Post by: happy on July 15, 2015, 05:53:50 AM
Unless she is naturally frugal, I suspect saving 80% is an unreasonable expectation.
I have 1 young adult at home, working more or less full-time and doing uni part-time.
He is  naturally very spendy and went overboard a bit but first year out from school there were significant expenses that were legit:
 - bought a car, essential for his job. Secondhand. 14 years old, Cheap. Interest free loan from me which he paid back in under a year.
 - ongoing expenses in running the car, needed new tyres etc etc
 - business attire, suit/shirts/ties/shoes - then dry cleaning costs ongoing
 - phone up grade and laptop ( went overboard here IMO, but IT is his thing and he makes good use of them) - then more expensive phone plan ongoing
 - uni books  and other uni costs etc

He paid his mum some board, but by the time he paid for all of the above I don't think much was left over. Socialising is also an important part of a budget in this age group.

I showed him figures how early investment into a retirement account for a few years will be more effective than leaving it 5 or 10 years to start and he took this on board.

This year he is more set up and his costs are lower, and he has got bit more  interested in saving and investing - he mentioned he was saving nearly 50%, which frankly I am overjoyed about.

I haven't promoted an expectation of 80% savings because I haven't personally achieved and modelled that for my kids. I encourage them "to save 50% and after about 20 years, they will be able to retire, or do whatever work they want. " I figure once they "get it", if they want to go harder they will.

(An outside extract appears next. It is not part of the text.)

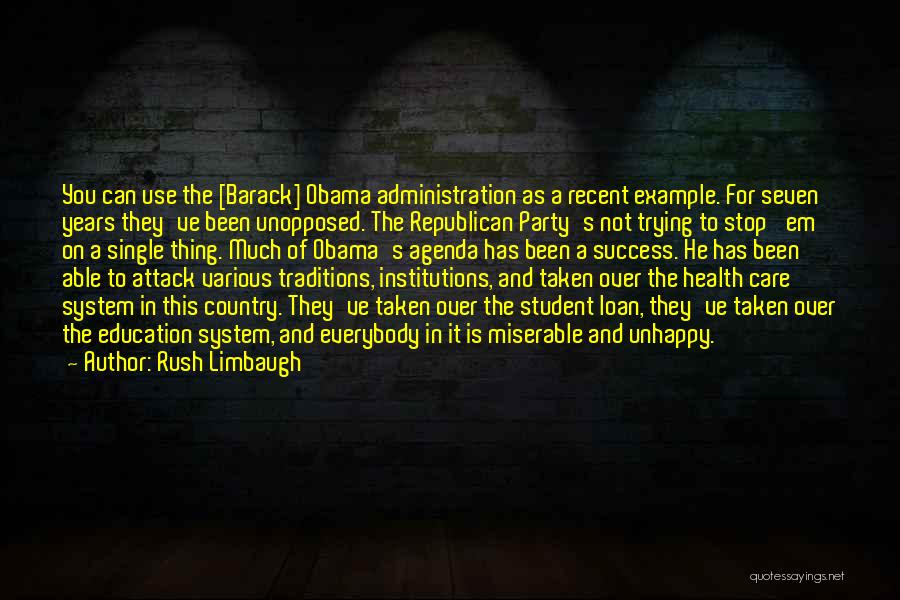 Agenda Quotes By Rush Limbaugh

I think be around,  build the relationship, talk about finances, help her with her budget and show her there is an alternative to YOLO. By all means mention some people save 80%, but unless she is naturally frugal I think this will seem so extreme as to be off putting.

 
Title: Re: Budget for young adult or boomerang kids living at home?
Post by: nobody123 on July 15, 2015, 06:31:33 AM
I'm curious, why do you feel the need to meddle in your nieces life?
Depending on your relationship this is not going to end well either way.

This.

Not your kid, not your responsibility.  If your niece reaches out to you about it, great, but offering unsolicited advice will probably insult her and / or her parents.  How would you even broach the topic?  "Hey, your parents suck at managing money and I'm pretty sure you're stupid enough to follow their example, so let me tell you how you should spend your money."  I'm sure that will go over well.
Title: Re: Budget for young adult or boomerang kids living at home?
Post by: Emg03063 on July 15, 2015, 05:15:17 PM
I echo the sentiments above.  Also, 80% savings seems pretty arbitrary to me, absent some context about her financial goals (does she even have any, and has she shared them with you and asked for your advice?)  Just because you can save 80% of your income doesn't mean you should.  There is something to be said for current consumption, and not everyone values mustachianism the way we do.  If you want to have some influence on her financial habits, I would open with a discussion about here life goals, and go from there, but I would be very cautious about offering unsolicited advice if she didn't express a good level of receptivity in advance.
Title: Re: Budget for young adult or boomerang kids living at home?
Post by: vagon on July 15, 2015, 10:59:38 PM
If you want to have some influence on her financial habits, I would open with a discussion about here life goals, and go from there, but I would be very cautious about offering unsolicited advice if she didn't express a good level of receptivity in advance.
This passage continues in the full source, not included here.